The methods provided in this topic are used in the following best practices. If you are familiar with the methods, you can directly apply them to your business with reference to the best practices.

  • AnalyticDB for PostgreSQL precomputes data based on query requests. With the precomputation results, you only need to specify the filter criteria for a data view query and AnalyticDB for PostgreSQL responds to your query for data in all dimensions within 100 milliseconds.

  • AnalyticDB for PostgreSQL executes a GROUPING SETS statement to collect data statistics in multiple dimensions simultaneously. This reduces repetitive data scanning and computing workloads and increases processing efficiency.

  • AnalyticDB for PostgreSQL records user IDs in each dimension as an array. This enables you to not only view data but also spot specific users.

  • AnalyticDB for PostgreSQL uses hll fields to store estimated data statistics for complex views. For example, the values of multiple hll fields can be united to analyze unique visitors (UVs) and identify new UVs.

  • AnalyticDB for PostgreSQL implements stream processing. It uses PipelineDB to compute data and obtain statistics in real time.

  • AnalyticDB for PostgreSQL stores intermediate data (also referred to as raw data) in the OSS_FDW external table and uploads the table to Alibaba Cloud Object Storage Service (OSS). This way, AnalyticDB for PostgreSQL does not need to store intermediate data but only uses it for precomputation. This reduces the volume of data written into AnalyticDB for PostgreSQL and the storage space occupied.

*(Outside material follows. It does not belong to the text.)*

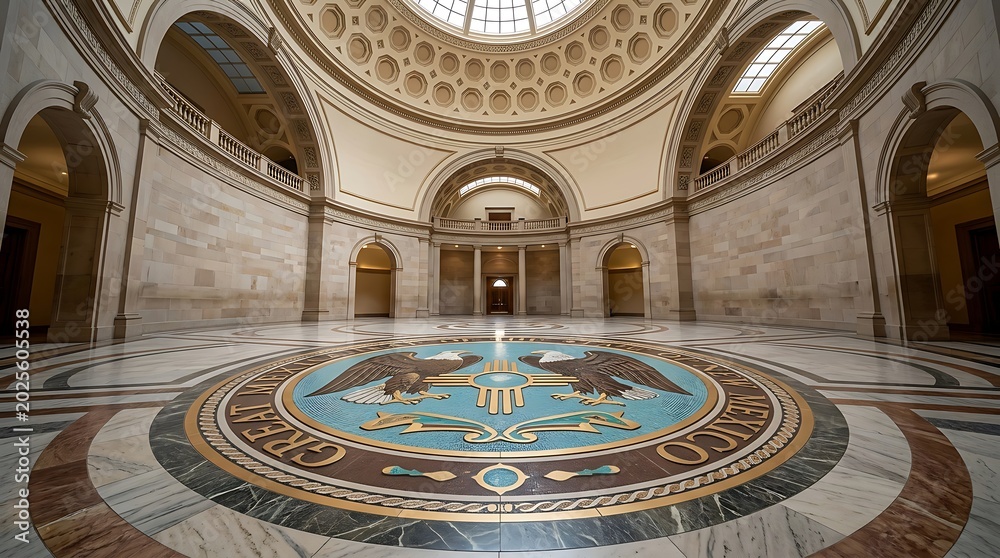 Fototapeta premium New Mexico State Capitol Rotunda with Great Seal Interior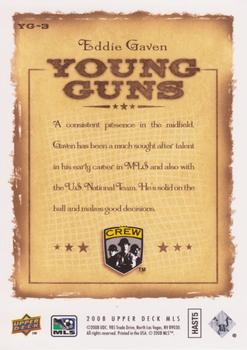 2008 Upper Deck MLS - Young Guns #YG-3 Eddie Gaven Back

  • AnalyticDB for PostgreSQL uses level-1 and level-2 partitions of Greenplum to break a data view query into smaller units. It uses indexed tags to further narrow down the scope of searches. By doing so, AnalyticDB for PostgreSQL responds to your query for data in any dimension and among any volume within 100 milliseconds.

  • AnalyticDB for PostgreSQL uses column-oriented storage to increase the data compression ratio and the storage space occupied by data statistics.

Background information

Typical e-commerce data view businesses use tags such as brand IDs, sales territory IDs, user IDs, and timestamps to compute and analyze data. These tags may be classified in various dimensions. For example, tag 1 is classified into a gender category, tag 2 is classified into an age category, and tag 3 is classified into a hobby category.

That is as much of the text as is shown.